Erfinder explained and demonstrated to me one time a concept I haven't forgotten. It had to do with coil shorting, but I think it tells us something. Keep in mind Erfinder's research has been primarily in electromechanical machines, where he has learned a lot about how electricity, rotation, impedance, resonance, etc. all come together in its purest form.
If you pass a permanent magnet by a coil, then take the output from the coil rectify it and charge a capacitor, the capacitor will charge to a particular voltage. That's your baseline.
Now you introduce coil shorting into the exact same system. You short the coil at the peak of its voltage. You will now see the capacitor voltage climb quite a bit higher than it did without the coil shorting.
What Erfinder proved to me is that this excess voltage in the capacitor above the baseline you first found is all for free.
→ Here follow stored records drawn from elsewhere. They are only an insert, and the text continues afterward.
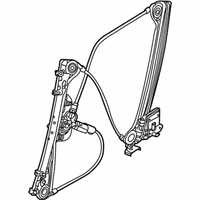 OEM 2007 BMW Z4 Front Left Door Window Regulator - 51-33-7-198-909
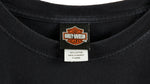 Harley Davidson - Black Spell-Out T-Shirt 1990s X-Large Vintage Retro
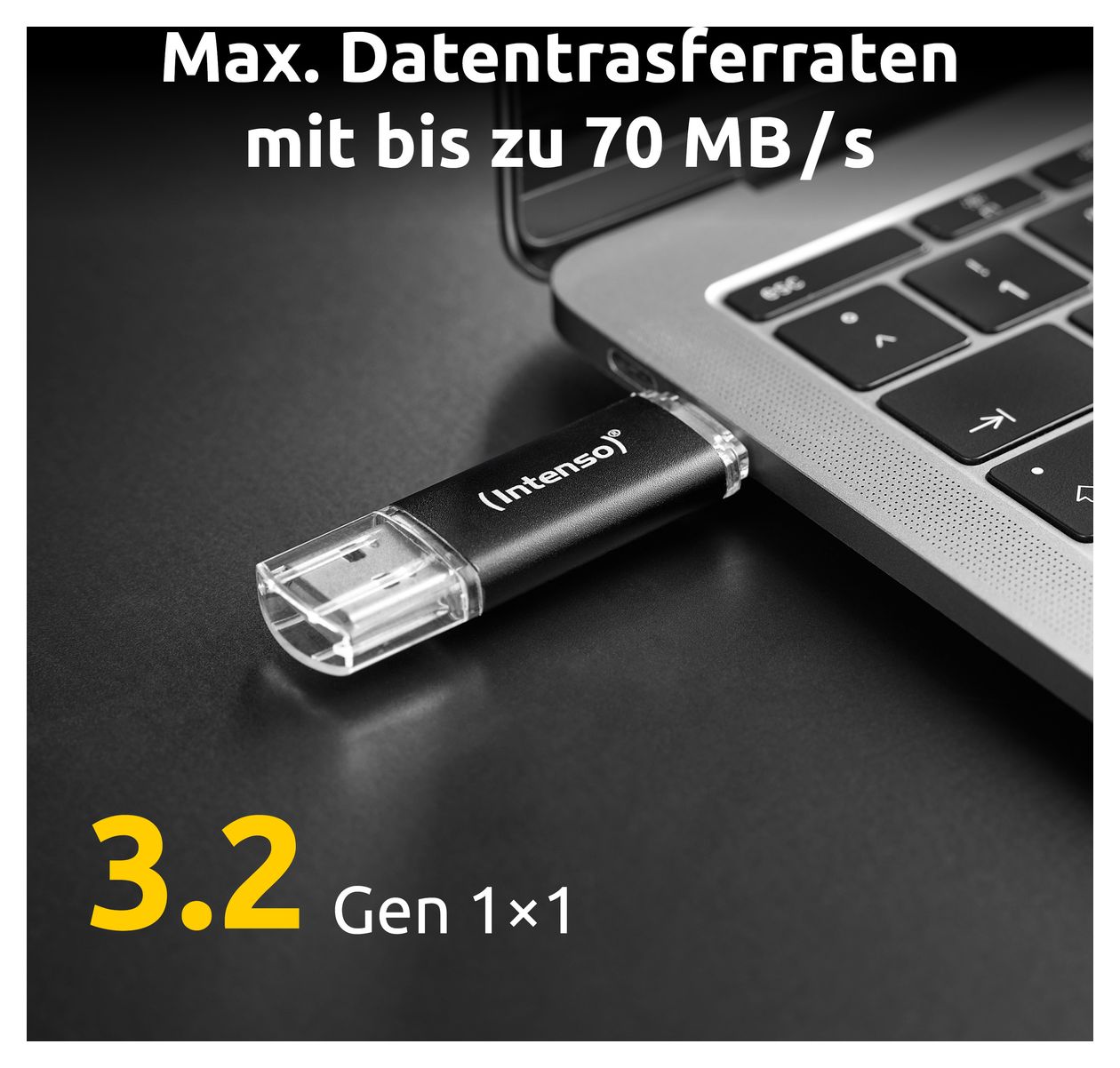 Twist Line USB Type-A / USB Type-C Stick 256 GB  (Anthrazit) 
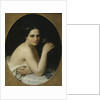 Girl With Flower by Anonymous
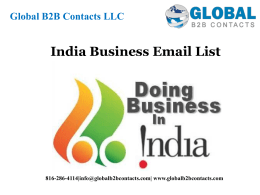 India business Email List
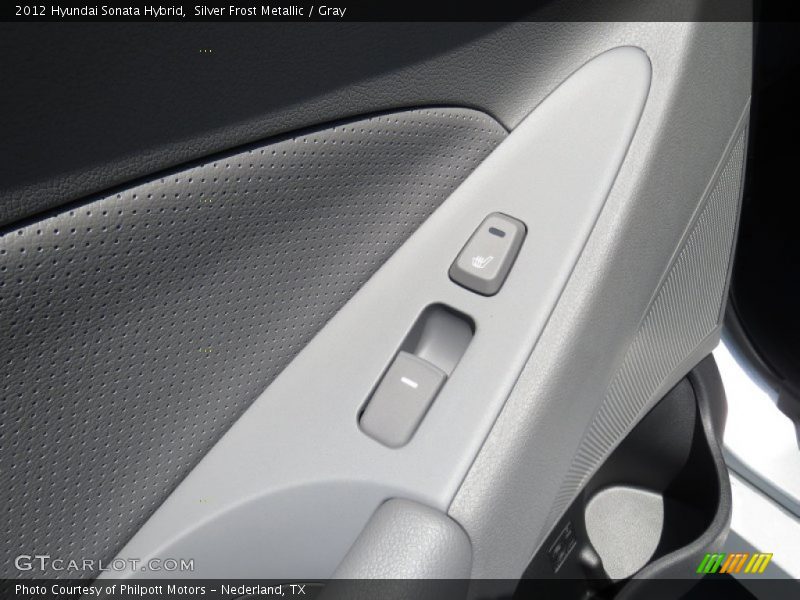 Silver Frost Metallic / Gray 2012 Hyundai Sonata Hybrid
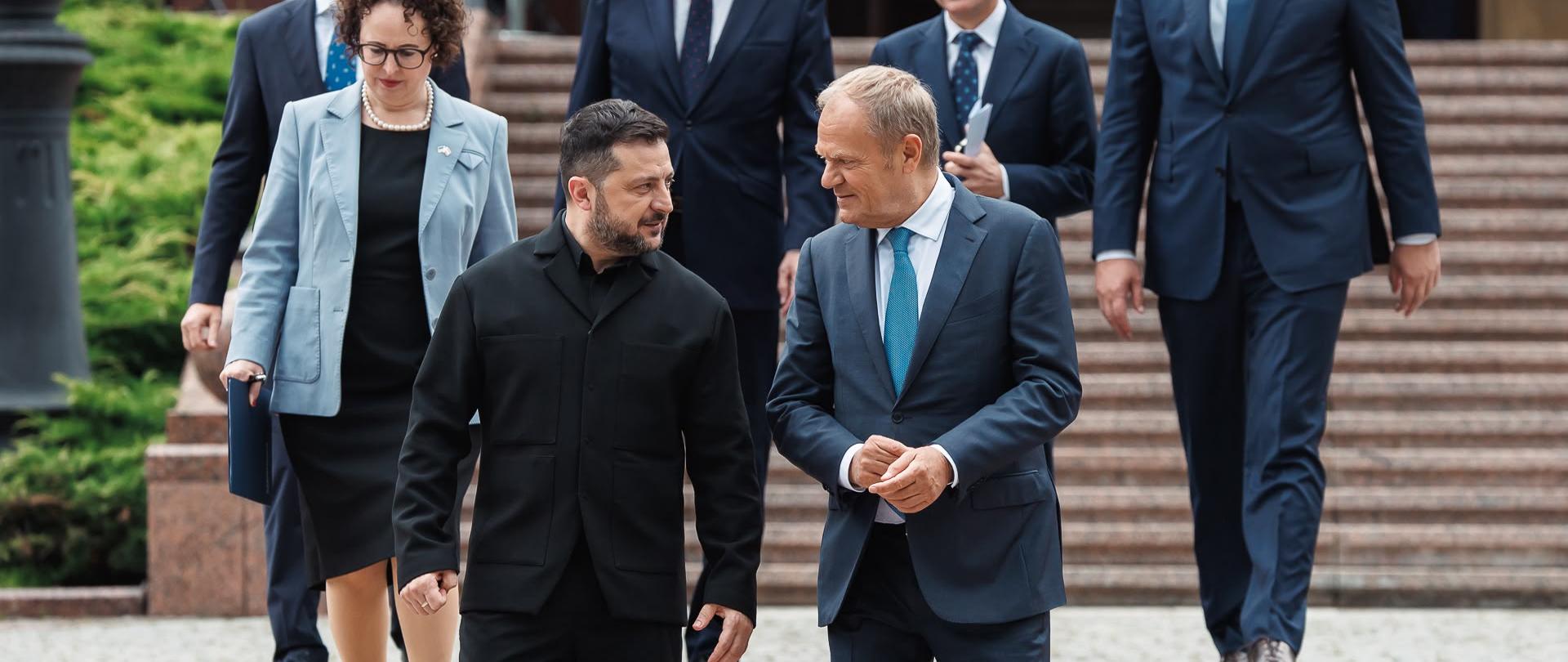Premier Donald Tusk i Prezydent Ukrainy Wołodymyr Zełenski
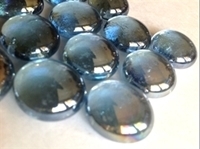 Picture of N12 14MM Light Blue Cathedral Shiny Glass Gems OUT OF STOCK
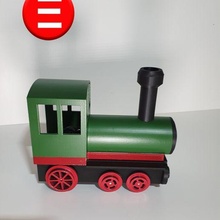 Tchoutchou tren lokomotif eğlence oyuncak 3d print model - Mito3D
As long as you do not discharge the capacitor below that baseline voltage, it's pure free energy. The machine will never see an increase in load as long as you keep that capacitor charged above the baseline.
Okay, so you might say then, well, you have it all solved, you have free energy. Not quite, because it still takes work to move the magnet past the coil, but there are things you can do to minimize this amount of work. One way is to remove any core from the coil. That reduces the drag considerably. The other thing is the timing of the coil short. If you do it at the correct timing, the shorted coil actually assists the movement between the magnet and the coil.
I haven't seen the final numbers, but from all indications, these "tricks" are things that should help us understand what we need to do with this Radiant Box device. Erfinder told me in a Skype chat the other day that he burned up his last good motor/generator. He said that we need to understand the three types of energy storage and manage them properly or the machine will always end up tearing itself apart. He also said that Jim Murray is the only other person he knows that understands this concept.